NB, this assumes constant acceleration.

Note that you would need a small rocket stage in the projectile, because
an Earth-surface catapult *cannot* put something directly into orbit -- it
can reach only orbits that intersect the atmosphere, so a bit of rocket
fuel is needed to finish the job.

P = m*a*v, where v and a are as before, m is projectile mass, and P is
peak power. This is up in the gigawatts even for m=100kg; clearly one
needs local power storage that can be charged up slowly and discharged
very quickly. (t = v/a, so that 10km track is covered in about 2s.)
Neglecting losses, energy is 0.5*m*v^2, so for m=100kg we need about
1250kW-hr per shot.

Note that 100kg is almost certainly much too small to get acceptable
atmospheric drag losses, and for that matter the drag loss assumed in the
above example numbers is probably too low even with higher mass.

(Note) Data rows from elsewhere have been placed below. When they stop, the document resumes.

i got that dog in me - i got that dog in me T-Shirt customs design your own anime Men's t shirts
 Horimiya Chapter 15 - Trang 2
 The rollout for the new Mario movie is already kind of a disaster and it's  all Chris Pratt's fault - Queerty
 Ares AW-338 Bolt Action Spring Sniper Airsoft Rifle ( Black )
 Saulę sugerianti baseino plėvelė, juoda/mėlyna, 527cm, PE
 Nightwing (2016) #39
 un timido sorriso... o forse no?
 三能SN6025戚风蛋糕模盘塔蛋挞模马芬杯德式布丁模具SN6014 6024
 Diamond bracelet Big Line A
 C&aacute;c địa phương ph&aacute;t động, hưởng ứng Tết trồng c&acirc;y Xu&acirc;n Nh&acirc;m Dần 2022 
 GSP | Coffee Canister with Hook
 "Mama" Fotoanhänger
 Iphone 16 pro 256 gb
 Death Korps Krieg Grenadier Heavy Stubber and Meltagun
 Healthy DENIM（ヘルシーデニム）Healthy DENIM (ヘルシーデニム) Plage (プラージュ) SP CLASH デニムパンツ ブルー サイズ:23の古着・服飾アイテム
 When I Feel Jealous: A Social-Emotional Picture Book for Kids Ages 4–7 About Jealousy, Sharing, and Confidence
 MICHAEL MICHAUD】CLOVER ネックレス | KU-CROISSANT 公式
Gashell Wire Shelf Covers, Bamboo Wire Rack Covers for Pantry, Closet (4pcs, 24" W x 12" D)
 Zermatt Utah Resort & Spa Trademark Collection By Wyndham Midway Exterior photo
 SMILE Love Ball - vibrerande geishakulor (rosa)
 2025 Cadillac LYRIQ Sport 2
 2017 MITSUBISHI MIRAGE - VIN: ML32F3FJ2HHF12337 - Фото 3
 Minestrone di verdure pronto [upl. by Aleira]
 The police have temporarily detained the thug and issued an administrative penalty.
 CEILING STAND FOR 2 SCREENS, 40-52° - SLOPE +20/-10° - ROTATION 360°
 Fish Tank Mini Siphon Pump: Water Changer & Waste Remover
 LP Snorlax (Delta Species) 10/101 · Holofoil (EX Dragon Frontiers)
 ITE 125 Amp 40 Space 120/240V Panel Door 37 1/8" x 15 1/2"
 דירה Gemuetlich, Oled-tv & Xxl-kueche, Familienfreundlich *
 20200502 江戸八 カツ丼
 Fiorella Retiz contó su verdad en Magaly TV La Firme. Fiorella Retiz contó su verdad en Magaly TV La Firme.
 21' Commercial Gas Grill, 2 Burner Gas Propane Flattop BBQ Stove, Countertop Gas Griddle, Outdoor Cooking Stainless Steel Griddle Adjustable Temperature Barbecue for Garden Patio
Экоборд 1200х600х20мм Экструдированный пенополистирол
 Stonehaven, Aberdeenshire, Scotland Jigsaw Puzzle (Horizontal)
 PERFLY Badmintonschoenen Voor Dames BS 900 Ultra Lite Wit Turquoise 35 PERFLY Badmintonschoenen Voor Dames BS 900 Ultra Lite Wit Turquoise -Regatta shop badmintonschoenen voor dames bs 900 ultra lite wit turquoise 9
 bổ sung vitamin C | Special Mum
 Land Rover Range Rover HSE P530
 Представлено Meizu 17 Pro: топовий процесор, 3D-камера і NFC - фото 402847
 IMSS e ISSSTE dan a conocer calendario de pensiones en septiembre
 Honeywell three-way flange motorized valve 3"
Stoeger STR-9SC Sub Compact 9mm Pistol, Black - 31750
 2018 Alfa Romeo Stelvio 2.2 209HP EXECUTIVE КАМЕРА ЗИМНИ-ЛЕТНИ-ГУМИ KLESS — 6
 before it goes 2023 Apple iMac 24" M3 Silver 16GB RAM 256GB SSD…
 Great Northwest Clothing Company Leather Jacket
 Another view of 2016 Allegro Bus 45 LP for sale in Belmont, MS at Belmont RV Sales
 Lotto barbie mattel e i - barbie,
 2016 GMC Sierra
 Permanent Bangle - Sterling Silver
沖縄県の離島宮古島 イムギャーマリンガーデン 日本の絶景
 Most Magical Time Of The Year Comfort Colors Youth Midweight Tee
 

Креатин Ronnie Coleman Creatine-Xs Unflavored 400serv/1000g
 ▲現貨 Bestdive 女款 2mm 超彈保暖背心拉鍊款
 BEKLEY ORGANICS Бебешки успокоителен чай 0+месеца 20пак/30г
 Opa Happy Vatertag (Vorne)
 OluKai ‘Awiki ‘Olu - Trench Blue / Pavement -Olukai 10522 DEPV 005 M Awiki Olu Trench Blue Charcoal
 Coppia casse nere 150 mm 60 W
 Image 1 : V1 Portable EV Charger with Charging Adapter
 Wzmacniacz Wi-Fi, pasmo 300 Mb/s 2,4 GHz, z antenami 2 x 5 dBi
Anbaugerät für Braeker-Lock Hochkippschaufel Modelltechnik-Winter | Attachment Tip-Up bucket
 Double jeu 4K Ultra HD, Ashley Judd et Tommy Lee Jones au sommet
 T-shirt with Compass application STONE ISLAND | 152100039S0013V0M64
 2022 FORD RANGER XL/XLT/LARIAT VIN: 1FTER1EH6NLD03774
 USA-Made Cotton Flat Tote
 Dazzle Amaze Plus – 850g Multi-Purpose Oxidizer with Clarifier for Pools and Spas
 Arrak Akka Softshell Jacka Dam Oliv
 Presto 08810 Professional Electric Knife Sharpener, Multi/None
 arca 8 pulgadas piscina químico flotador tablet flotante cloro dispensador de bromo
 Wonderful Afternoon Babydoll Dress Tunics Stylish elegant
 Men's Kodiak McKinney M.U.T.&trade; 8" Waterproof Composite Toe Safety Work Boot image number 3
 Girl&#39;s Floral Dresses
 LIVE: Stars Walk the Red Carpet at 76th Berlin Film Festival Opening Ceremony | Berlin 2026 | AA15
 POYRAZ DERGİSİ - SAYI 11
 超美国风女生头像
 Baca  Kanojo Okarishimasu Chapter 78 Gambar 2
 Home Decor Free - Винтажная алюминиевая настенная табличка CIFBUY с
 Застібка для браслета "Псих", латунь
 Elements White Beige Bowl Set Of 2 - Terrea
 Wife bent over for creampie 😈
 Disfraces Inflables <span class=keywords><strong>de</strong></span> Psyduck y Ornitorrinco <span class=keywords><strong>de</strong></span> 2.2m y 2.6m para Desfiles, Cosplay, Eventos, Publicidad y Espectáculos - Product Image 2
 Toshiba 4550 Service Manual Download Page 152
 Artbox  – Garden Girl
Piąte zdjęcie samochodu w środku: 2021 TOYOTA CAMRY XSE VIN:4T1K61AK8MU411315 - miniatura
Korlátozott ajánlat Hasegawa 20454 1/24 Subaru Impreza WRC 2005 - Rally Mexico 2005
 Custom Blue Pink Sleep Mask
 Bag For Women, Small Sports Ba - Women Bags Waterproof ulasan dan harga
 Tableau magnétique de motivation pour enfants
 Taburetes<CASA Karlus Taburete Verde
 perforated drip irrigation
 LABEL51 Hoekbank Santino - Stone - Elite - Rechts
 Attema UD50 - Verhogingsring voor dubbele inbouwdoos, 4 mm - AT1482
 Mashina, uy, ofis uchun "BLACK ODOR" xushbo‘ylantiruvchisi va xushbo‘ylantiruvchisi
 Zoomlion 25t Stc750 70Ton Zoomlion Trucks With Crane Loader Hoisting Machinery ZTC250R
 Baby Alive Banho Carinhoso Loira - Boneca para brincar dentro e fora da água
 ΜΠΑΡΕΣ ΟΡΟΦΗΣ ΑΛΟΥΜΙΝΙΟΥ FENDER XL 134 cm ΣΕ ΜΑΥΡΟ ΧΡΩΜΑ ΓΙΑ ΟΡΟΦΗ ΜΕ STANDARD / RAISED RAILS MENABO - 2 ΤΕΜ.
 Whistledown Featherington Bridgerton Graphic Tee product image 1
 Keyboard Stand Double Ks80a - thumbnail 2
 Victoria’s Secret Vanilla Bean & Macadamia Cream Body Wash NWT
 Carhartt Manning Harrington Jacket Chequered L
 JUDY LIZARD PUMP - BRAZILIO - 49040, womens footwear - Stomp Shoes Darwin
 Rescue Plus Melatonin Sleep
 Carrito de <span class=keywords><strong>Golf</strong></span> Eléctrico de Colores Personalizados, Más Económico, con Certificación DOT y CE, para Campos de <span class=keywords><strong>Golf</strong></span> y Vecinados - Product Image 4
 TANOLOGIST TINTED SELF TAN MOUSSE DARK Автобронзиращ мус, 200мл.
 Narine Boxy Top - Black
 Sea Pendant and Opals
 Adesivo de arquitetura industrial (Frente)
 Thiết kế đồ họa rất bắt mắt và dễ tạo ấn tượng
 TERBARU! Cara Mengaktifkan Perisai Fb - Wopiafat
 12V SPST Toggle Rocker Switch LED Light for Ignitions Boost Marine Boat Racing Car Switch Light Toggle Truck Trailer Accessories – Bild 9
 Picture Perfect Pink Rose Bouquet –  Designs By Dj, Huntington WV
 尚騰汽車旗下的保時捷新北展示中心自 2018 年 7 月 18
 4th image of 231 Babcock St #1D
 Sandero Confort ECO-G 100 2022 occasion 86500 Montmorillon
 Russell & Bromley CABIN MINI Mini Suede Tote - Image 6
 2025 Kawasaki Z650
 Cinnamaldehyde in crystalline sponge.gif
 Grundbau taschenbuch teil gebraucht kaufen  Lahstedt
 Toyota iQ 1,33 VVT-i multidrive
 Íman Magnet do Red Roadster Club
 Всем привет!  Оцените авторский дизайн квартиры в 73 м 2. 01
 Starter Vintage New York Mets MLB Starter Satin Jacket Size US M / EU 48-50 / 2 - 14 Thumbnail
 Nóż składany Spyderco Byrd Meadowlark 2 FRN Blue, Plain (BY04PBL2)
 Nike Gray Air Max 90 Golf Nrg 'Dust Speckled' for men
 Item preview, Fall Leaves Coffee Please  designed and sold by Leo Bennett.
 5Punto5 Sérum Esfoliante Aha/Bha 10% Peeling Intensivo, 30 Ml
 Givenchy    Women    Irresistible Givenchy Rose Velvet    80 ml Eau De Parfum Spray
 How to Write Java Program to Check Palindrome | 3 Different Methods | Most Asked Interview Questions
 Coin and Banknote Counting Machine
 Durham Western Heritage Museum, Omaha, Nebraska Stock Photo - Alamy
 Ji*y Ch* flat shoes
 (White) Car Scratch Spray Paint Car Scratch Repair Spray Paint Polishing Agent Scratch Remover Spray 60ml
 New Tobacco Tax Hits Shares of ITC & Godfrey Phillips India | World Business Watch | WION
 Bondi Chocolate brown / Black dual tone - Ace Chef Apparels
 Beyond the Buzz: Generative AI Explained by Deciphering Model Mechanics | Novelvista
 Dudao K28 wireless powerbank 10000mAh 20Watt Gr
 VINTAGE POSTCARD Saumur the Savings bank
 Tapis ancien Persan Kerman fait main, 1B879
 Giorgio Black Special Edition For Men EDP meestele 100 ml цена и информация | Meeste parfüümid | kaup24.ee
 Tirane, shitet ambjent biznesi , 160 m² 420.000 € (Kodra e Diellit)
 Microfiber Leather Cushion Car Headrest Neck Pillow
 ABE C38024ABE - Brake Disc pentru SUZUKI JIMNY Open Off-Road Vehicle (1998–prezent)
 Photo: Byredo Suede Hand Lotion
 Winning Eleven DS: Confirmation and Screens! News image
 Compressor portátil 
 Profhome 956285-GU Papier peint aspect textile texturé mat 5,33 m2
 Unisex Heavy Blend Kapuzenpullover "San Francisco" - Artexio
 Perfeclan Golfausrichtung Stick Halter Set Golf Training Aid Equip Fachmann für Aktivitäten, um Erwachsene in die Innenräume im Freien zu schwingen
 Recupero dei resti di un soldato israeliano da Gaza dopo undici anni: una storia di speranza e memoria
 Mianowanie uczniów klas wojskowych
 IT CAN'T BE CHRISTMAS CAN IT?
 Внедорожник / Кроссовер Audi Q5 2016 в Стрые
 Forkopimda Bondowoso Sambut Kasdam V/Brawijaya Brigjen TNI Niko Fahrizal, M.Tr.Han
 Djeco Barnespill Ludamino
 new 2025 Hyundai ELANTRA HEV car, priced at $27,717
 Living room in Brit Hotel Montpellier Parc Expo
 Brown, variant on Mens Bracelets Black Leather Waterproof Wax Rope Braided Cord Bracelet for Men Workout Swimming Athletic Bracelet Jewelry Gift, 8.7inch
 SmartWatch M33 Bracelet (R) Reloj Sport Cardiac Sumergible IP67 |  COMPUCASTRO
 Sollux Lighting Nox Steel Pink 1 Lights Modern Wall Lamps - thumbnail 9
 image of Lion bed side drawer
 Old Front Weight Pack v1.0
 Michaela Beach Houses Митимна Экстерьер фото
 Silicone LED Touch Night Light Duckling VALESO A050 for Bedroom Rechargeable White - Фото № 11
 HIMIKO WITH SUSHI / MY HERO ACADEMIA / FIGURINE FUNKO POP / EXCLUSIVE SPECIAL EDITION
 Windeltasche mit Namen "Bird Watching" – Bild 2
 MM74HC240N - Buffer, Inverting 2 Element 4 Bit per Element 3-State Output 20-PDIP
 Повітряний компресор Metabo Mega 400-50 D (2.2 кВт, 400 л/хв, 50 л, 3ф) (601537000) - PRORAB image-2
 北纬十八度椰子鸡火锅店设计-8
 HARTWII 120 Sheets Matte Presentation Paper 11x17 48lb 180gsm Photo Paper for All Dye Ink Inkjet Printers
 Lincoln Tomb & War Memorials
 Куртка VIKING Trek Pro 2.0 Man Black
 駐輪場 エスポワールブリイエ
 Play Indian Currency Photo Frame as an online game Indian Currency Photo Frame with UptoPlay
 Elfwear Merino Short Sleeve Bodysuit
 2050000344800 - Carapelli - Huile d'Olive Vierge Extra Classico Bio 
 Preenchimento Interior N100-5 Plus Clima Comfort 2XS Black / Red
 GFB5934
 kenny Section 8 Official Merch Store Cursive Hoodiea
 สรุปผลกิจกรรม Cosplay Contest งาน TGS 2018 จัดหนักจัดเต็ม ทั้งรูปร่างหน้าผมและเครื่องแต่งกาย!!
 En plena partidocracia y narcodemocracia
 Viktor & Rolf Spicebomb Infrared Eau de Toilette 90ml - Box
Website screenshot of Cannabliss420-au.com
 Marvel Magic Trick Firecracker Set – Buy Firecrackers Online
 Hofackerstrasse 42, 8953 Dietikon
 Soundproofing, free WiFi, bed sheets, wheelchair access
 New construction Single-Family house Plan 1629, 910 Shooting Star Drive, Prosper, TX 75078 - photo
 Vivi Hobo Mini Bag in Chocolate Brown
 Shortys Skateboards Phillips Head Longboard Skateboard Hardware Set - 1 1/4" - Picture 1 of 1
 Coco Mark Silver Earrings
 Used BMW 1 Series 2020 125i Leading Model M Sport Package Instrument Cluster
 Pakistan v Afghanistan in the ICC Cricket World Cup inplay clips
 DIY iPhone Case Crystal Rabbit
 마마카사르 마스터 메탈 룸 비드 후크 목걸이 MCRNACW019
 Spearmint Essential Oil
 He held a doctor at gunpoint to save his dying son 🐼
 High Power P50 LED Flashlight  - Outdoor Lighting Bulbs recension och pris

This is different from a rocket which also makes a sonic boom and
spews tons of poisonous gasses onto the launch pad, at irregular
intervals.

There's nothing particularly poisonous about the exhaust from a
LOX/kerosene or LOX/LH2 rocket.

The Earth to Orbit Mass Driver is a better environmental alternative
to unassisted rocketry.

A point of terminology: this is a catapult, not a mass driver. The two
terms are not synonymous. A mass driver is a particular type of catapult,
which accelerates its payloads in payload carriers, "buckets", which are
decelerated and returned to the head end for re-use.

The launch apparatus is completely reusable,
hundreds, thousands, and perhaps hundreds of thousands of times.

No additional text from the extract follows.